Un bon brief de composition pop capture le message, le BPM, le feeling de la basse/du groove, le gimmick mélodique et la structure en mesures avant le début de la production, donnant à la session une cible commerciale au lieu d'un espoir vague.

L'"Assembleur" n'est pas un logiciel complexe ; c'est une liste de contrôle mentale et physique. Avant d'ouvrir votre DAW ou de vous asseoir à votre piano, vous devriez avoir un brief d'une page qui répond aux questions suivantes :

  1. Le Message : Quelle est l'émotion ou la déclaration spécifique et claire de ce morceau ?
  2. Le BPM : Dans quel monde de tempo exact écrivez-vous ?
  3. Le Feeling de la Basse/du Groove : Quel est le moteur du morceau ?
  4. Le Gimmick Mélodique à 3 Notes : Quelle courte cellule mélodique les gens retiendront-ils ?
  5. La Structure en Mesures : Quels sont les décomptes exacts en mesures pour les sections principales ?

Comme le dit Nick : "Le test n'est pas de savoir si un autre musicien peut repérer vos influences, mais si la personne qui a commandé le brief a l'impression que le brief a été respecté." C'est le standard professionnel.

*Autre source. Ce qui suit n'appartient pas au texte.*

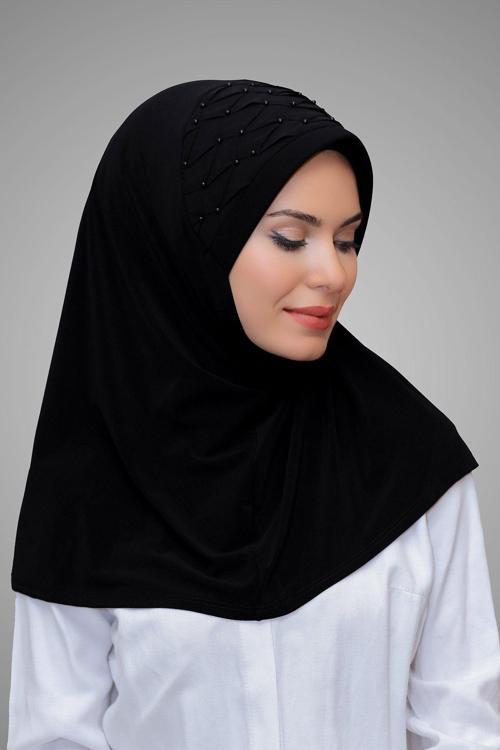 Siyah Pratik Hazır Geçmeli Tesettür Eşarp Sandy Kumaş Işlemeli Incili Taşlı 1605_01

Essayez ceci maintenant : Avant d'ouvrir votre DAW, compilez un brief d'une page répondant à : Quel est le message ? Quel est le BPM ? Quel est le feeling de la basse/du groove ? Quel est le gimmick mélodique à 3 notes ? Quelle est la structure en mesures ? Comme le dit Nick : "suivre l'oreille plus que l'œil."

La reconstruction est-elle la même chose que l'utilisation d'un morceau de référence en mixage ?

Non. La reconstruction va au-delà de la comparaison sonore en analysant le message, le groove, le refrain et la forme d'une chanson afin que vous puissiez répondre à un brief commercial avec du matériel original.

Alors que le mixage utilise une référence pour le son, la reconstruction utilise une référence pour la logique architecturale : comment la chanson se construit, respire et répète ses refrains. C'est pourquoi la reconstruction de musique commerciale est une méthode de composition, pas seulement une astuce de production.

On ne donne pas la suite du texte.